Requirement:
Only one span belongs in the answer: the line holding "Aceite Facial Brillante" through the last line of the entries below, retyped exactly.

╭─ Excerpted records

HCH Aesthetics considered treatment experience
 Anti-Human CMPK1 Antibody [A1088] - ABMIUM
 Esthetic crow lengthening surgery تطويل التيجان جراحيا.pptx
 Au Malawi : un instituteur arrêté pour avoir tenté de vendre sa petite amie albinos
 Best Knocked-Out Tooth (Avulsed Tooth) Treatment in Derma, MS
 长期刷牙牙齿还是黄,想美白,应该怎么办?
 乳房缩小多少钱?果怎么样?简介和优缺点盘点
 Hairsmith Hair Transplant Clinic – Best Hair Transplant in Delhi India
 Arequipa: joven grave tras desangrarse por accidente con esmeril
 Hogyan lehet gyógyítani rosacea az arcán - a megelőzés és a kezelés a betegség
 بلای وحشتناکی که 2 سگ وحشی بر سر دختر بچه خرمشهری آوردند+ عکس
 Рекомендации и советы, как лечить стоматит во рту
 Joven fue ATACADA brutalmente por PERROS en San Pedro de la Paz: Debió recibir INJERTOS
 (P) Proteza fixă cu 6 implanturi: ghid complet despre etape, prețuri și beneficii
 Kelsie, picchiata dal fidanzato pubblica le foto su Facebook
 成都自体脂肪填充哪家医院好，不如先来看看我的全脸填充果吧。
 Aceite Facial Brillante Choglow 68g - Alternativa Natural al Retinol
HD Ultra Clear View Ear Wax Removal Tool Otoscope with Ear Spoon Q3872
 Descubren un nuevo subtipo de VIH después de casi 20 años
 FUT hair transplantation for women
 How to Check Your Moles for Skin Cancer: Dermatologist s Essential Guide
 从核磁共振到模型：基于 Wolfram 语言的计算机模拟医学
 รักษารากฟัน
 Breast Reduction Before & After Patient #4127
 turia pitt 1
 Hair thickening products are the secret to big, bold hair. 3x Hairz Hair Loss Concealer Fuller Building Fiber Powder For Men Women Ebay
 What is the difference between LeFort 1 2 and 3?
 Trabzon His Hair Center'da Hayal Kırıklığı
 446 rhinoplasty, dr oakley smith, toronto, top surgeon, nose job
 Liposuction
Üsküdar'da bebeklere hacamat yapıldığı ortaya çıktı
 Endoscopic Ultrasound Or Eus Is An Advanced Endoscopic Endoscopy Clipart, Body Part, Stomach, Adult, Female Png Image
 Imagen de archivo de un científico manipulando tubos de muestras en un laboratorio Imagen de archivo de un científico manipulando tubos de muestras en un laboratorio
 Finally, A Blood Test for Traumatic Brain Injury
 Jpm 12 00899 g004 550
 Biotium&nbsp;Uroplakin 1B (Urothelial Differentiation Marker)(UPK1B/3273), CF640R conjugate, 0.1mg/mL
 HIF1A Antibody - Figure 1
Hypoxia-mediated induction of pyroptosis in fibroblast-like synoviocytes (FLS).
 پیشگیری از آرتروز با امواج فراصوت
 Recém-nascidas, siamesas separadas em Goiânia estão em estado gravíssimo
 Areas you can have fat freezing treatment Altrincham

╰─

Exercise result:
 Aceite Facial Brillante Choglow 68g - Alternativa Natural al Retinol
HD Ultra Clear View Ear Wax Removal Tool Otoscope with Ear Spoon Q3872
 Descubren un nuevo subtipo de VIH después de casi 20 años
 FUT hair transplantation for women
 How to Check Your Moles for Skin Cancer: Dermatologist s Essential Guide
 从核磁共振到模型：基于 Wolfram 语言的计算机模拟医学
 รักษารากฟัน
 Breast Reduction Before & After Patient #4127
 turia pitt 1
 Hair thickening products are the secret to big, bold hair. 3x Hairz Hair Loss Concealer Fuller Building Fiber Powder For Men Women Ebay
 What is the difference between LeFort 1 2 and 3?
 Trabzon His Hair Center'da Hayal Kırıklığı
 446 rhinoplasty, dr oakley smith, toronto, top surgeon, nose job
 Liposuction
Üsküdar'da bebeklere hacamat yapıldığı ortaya çıktı
 Endoscopic Ultrasound Or Eus Is An Advanced Endoscopic Endoscopy Clipart, Body Part, Stomach, Adult, Female Png Image
 Imagen de archivo de un científico manipulando tubos de muestras en un laboratorio Imagen de archivo de un científico manipulando tubos de muestras en un laboratorio
 Finally, A Blood Test for Traumatic Brain Injury
 Jpm 12 00899 g004 550
 Biotium&nbsp;Uroplakin 1B (Urothelial Differentiation Marker)(UPK1B/3273), CF640R conjugate, 0.1mg/mL
 HIF1A Antibody - Figure 1
Hypoxia-mediated induction of pyroptosis in fibroblast-like synoviocytes (FLS).
 پیشگیری از آرتروز با امواج فراصوت
 Recém-nascidas, siamesas separadas em Goiânia estão em estado gravíssimo
 Areas you can have fat freezing treatment Altrincham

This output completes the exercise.